La cual, obvio es decirlo, se basa de manera muy considerable en la desastrada situación del sistema educativo, sin distinción de grados ni estratos. En conjunto, y sin abandonar la alergia a toda suerte de generalizaciones, la formación de los escolares, bachilleres y universitarios españoles descendió un peldaño más en el período académico ahora a punto de concluir. Salvo la mayor parte de las fuerzas parlamentarias y de los políticos, el resto de la comunidad nacional se muestra conteste en detectar año tras año –“trimestre a trimestre”, le confidencia al cronista un amigo suyo contemporaneísta, gran estrella mediática…- un vacío creciente en la competencia científica y cultural de las generaciones juveniles, de modo muy especial, en el terreno de las humanidades y las disciplinas jurídico-económicas. Durante las últimas décadas, al terminar las actividades políticas y docentes, una conclusión se alzaprima indeficientemente en sus respectivos balances: los educandos españoles aumentan su rezago para partir en igualdad de condiciones con sus homólogos europeos –nada se diga de chinos o canadienses- en la carrera de la sociedad del conocimiento, alfa proyectiva y omega de las comunidades con mayor dotación de porvenir… Se agotan gobiernos, pasan ministros y ministras y todo sigue igual, sin bazas aparentes para salir de este círculo verdaderamente infernal.

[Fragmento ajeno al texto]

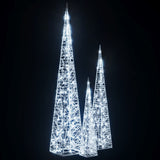 Acrylic Decorative LED Light Cone Set Cold White 60/90/120cm 328972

Ante tan negro panorama, almas trementes al llamado en otro tiempo sentimiento patriótico y hoy, más neutra y asépticamente, etiquetado “espíritu solidario”, con presencia y vigencia en los mores generados en las televisiones y periódicos, echan su cuarto a espadas en pro de la regeneración educativa. Con talante y pulsión semejantes a los hombres del 98, esos intelectuales rompen lanza tras lanza para quebrar las sombrías perspectivas que envuelven el futuro de los estamentos más acreedores al esfuerzo colectivo y, singularmente, de las esferas gubernamentales. Con sagacidad y un poco de esprit de repartie, uno de ellos ha apostado de modo decidido por el retorno de la retórica, esto es, la práctica y enseñanza de los viejos y buenos oficios del culto a la lengua, la adoración por los clásicos, el conocimiento intenso y extenso del pasado de un pueblo culturalmente rico como pocos, el gusto por la escritura –redacción de diarios, cultivo “a solas” de la poesía-, el respeto por la música y todas las demás artes… En definitiva, la apuesta por todo lo que los antiguos -¿quién filosofó mejor que Platón?, ¿quién escribió más hondamente sobre la responsabilidad política?, ¿quién defendió más enaltecedoramente la dignidad de hombre y mujeres que Séneca?- colocaban bajo el dominio y amparo de la Retórica.
Experimentadas infructuosamente mil y una receta, e incontables fórmulas palingenésicas, ¿habrá llegado, en efecto, la hora de retornar a las fuentes de nuestra identidad cultural e histórica?